No fue sorpresa entonces que, al formar su gabinete nacional, la presidenta depositara en Harfuch la cartera de Seguridad Pública y Protección Ciudadana. Juntos habían reducido a la mitad la tasa de homicidios en la capital durante el periodo 2019-2023, un logro inédito. Ahora buscaban extender ese éxito al resto del país, donde la situación era mucho más crítica. El sexenio de López Obrador, pese a la relativa calma en la capital, terminó como el más sangriento en la historia moderna: más de 186 mil homicidios acumulados, una violencia azotando estados enteros y nuevos flagelos, como el fentanilo, cobrando fuerza. Sheinbaum y Harfuch sabían que encaraban una tormenta perfecta. “Nos tocan momentos distintos”, repetiría la mandataria al ser cuestionada sobre su estrategia –una forma discreta de marcar distancia con la doctrina anterior–. Y Harfuch, tras asumir su cargo, fue aún más explícito: “Vamos a robustecer la inteligencia y la investigación del Estado mexicano”, prometió en su primer mensaje público, dejando claro que pasarían de la contención pasiva a la ofensiva estratégica.
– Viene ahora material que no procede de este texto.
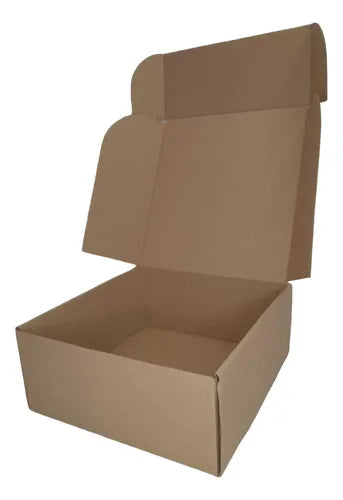 cod: 021 (10u) CAJA ENVIO KR CARTON E/C 24x24x10 - medida: 24x24x10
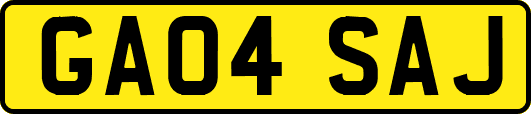 GA04SAJ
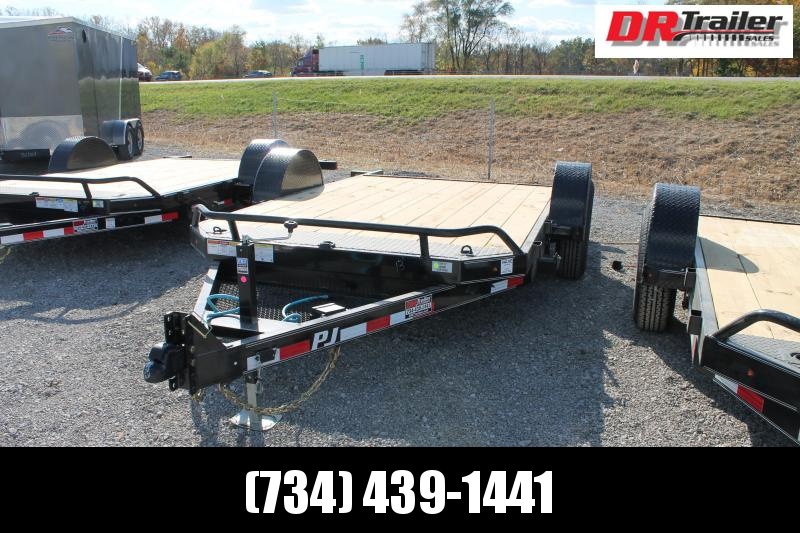 2021 PJ Trailers 13' T1 7K Flatbed Trailer 2021 PJ Trailers 13' T1 7K Flatbed Trailer
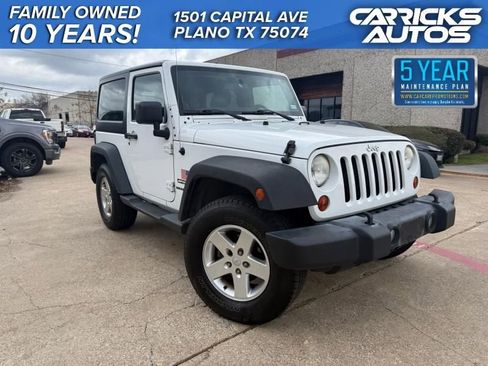Used 2012 Jeep Wrangler Sport image 1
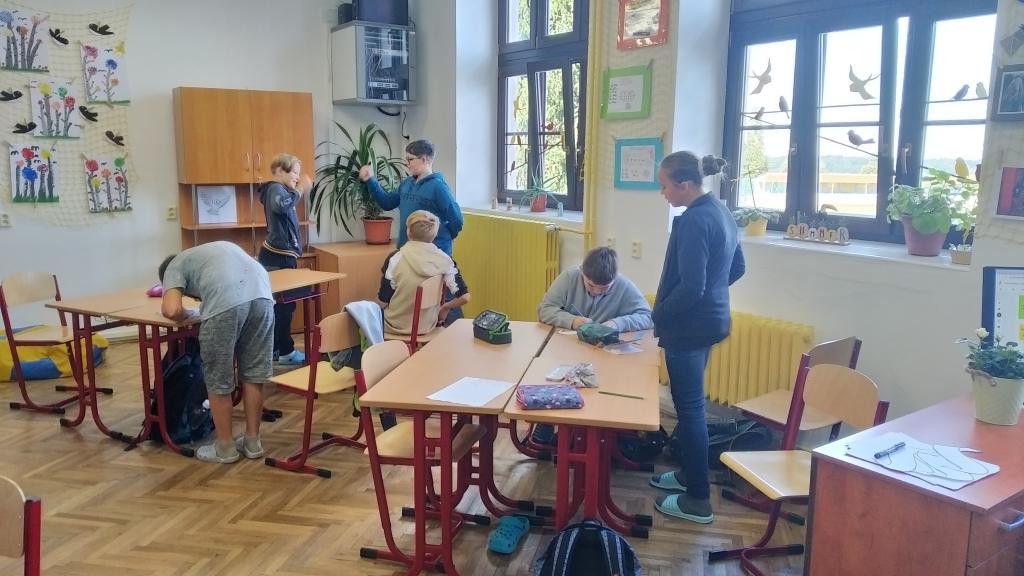 Nový školní rok 2022/23 a naše třídní pravidla, 2. 9. 2022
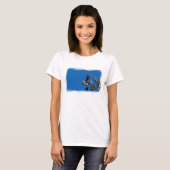 T-shirt Capteur de vol (Devant entier)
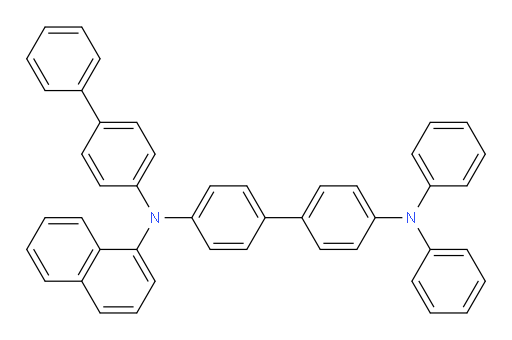 N4-([1,1'-biphenyl]-4-yl)-N4-(naphthalen-1-yl)-N4',N4'-diphenyl-[1,1'-biphenyl]-4,4'-diamine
No todos vieron con buenos ojos la llegada de Harfuch a la cúpula de seguridad. Los viejos fantasmas no desaparecen fácil: su nombre había surgido en investigaciones relacionadas con la noche trágica de Ayotzinapa en 2014, cuando 43 estudiantes fueron desaparecidos. Por entonces Harfuch era un joven mando federal destacado en Guerrero, y algunos testimonios lo ubicaron tangencialmente en reuniones policiales previas al crimen. Aunque nada probó su involucramiento, colectivos de derechos humanos y padres de los normalistas expresaron inquietud cuando su nombramiento se hizo oficial. Sheinbaum, consciente del dolor que ese caso representa, respondió de frente: “Él no estaba en Guerrero en aquella época, y eso se ha aclarado muchas veces”, defendió en una mañanera, respaldando a su secretario. La presidenta aseguró que cualquier nueva indagatoria queda en manos de la Fiscalía y refrendó su compromiso con las familias de Ayotzinapa. En privado, no obstante, el episodio marcó una línea delicada: la lucha contra el crimen no solo implica capturar capos y decomisar mercancías, sino también sanar heridas abiertas y convencer a la sociedad de que la justicia es pareja. Para Harfuch, significó cargar con ese escrutinio adicional a cada paso que da.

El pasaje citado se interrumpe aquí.